Estou muito satisfeita com a condenação da seguradora do Serviço de Saúde da Andaluzia por negligência no uso de ocitocina sintética em um parto cesáreo anterior em que minha cliente perdeu o útero e o filho que esperava. E recentemente recebi uma sentença favorável condenando o Serviço de Saúde de Madrid porque um ginecologista do Hospital de Fuenlabrada causou em minha cliente incontinência urinária e fecal severa como resultado do uso indevido de fórceps e da manobra de Kristeller. Mas a sentença que mais aprecio é a de um tribunal de Lugo que condenou o Serviço de Saúde galego por ter escondido da minha cliente que a criança que ela carregava apresentava malformações gravíssimas, mandando-a para abortar em Madrid em estado de gravidez muito avançado, após que ela perdeu o útero.
Heloisa Lessa (Brasil). Parteira.
- Essa parteira, formada por parteiras tradicionais e indígenas, também foi homenageada com o Prêmio HRIC Champions de 2022-2023.
- Ela faz um trabalho incrível auxiliando o parto em casa no Rio de Janeiro.
- Ele tem ajudado a disseminar este importante conhecimento por meio de diversas conferências realizadas no Brasil e no exterior.
- Fundou uma equipe multidisciplinar de parteiras e obstetras para mulheres no Rio de Janeiro e também fundou o Instituto Michel Odent em defesa do parto fisiológico.
Sylvia Bahr (Honduras). Ativista.
- O Prêmio HRIC Champions 2022-2023 também reconheceu o trabalho desta ativista, que desde 2007 trabalha em Honduras pelo cumprimento dos direitos humanos no parto e pelo respeito à maternidade nos hospitais.
- Seu trabalho também tem sido capacitar parteiras rurais e combater a violência obstétrica.
- Sua experiência foi tão bem vista que agora trabalha em colaboração com o governo e a escola de medicina de Honduras para melhorar as condições em todo o país.
Gloria Esegbona (Reino Unido).

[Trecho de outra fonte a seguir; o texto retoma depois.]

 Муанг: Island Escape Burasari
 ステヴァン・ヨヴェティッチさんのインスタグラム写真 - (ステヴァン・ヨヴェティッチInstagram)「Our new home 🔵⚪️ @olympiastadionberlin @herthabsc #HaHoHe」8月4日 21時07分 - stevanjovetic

Médico.
- Ela poderia ser uma especialista em obstetrícia comum em Londres, mas é muito mais. Apaixonada por direitos humanos, ela incentivou biólogos em seu ambiente a estabelecer unidades críticas de cuidados maternos no Quênia, Nigéria e Malaui. Graças a essa iniciativa, as taxas de mortalidade nesses países diminuíram. Por este importante trabalho, ele também recebeu o Prêmio HRIC Champions de 2022-2023.
Agnes Gereb (Hungria). Parteira e obstetra.
- Agnes Gereb foi presa em 2010 minutos depois de cuidar de uma mulher que entrou em trabalho de parto inesperadamente, pois a Hungria está proibida de dar à luz fora de hospitais.
- O Prêmio Agnes Gareb, que este ano foi entregue à pessoa que leva seu nome, quer reconhecer pessoas que, como ela, têm promovido a causa dos direitos humanos no parto em condições extremamente adversas.
- Este prêmio reconhece, portanto, o trabalho de pessoas que, com o único desejo de erradicar a violência obstétrica, foram submetidas a perseguições, assédios, sanções profissionais, perseguições legais ou mesmo violência física direta.
Luta pelos direitos da mulher na gravidez e no parto
A organização Direitos Humanos no Parto (HRiC), que trabalha para garantir que os direitos das mulheres durante a gravidez e o parto não sejam violados, acaba de anunciar os vencedores do Prêmio HRIC Champions 2022-2023, um evento que reconhece o trabalho de pessoas que Eles ajudam a melhorar o atendimento à maternidade, bebês e famílias.
Os organizadores do evento receberam centenas de nomeações de pessoas que trabalham em seus próprios ambientes e em outros países para tornar os direitos humanos no parto realizados. As cinco mulheres finalmente escolhidas, aquelas que receberam o maior número de indicações, fazem um trabalho extraordinário.